Recorded information>
++++

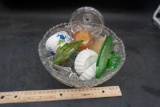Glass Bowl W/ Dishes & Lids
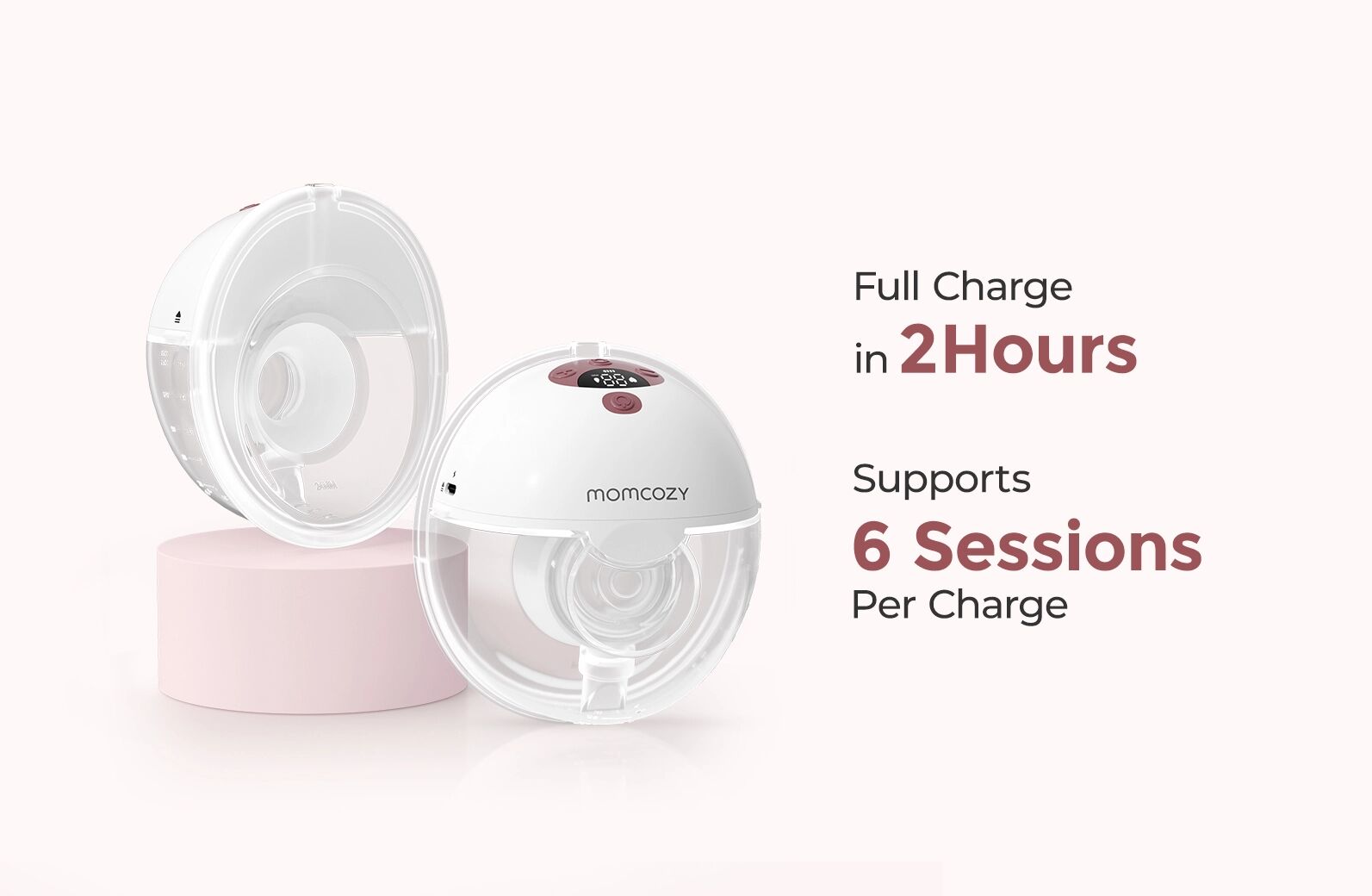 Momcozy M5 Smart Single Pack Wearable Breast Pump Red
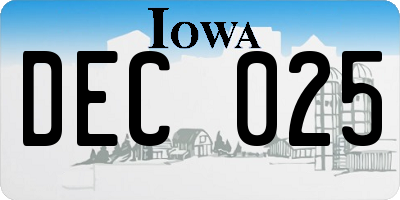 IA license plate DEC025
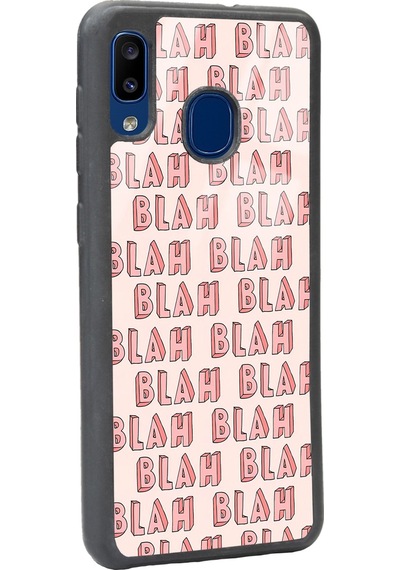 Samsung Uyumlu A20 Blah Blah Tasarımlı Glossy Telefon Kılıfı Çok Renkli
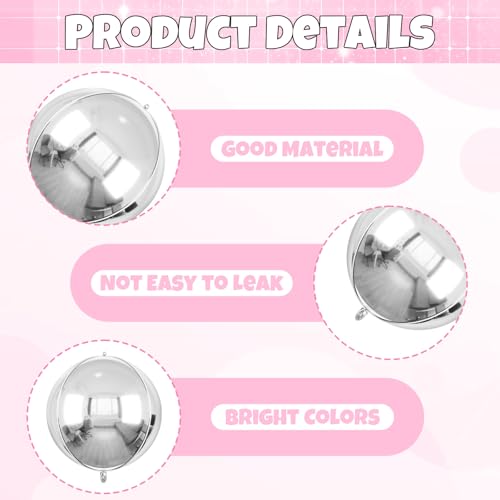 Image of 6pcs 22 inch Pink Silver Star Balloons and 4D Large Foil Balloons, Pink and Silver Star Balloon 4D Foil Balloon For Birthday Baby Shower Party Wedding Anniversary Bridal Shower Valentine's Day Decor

++++

Problem statement> The records above must be printed exactly; the pictures stay out.

Your response>
Glass Bowl W/ Dishes & Lids
 Momcozy M5 Smart Single Pack Wearable Breast Pump Red
 IA license plate DEC025
 Samsung Uyumlu A20 Blah Blah Tasarımlı Glossy Telefon Kılıfı Çok Renkli
 Image of 6pcs 22 inch Pink Silver Star Balloons and 4D Large Foil Balloons, Pink and Silver Star Balloon 4D Foil Balloon For Birthday Baby Shower Party Wedding Anniversary Bridal Shower Valentine's Day Decor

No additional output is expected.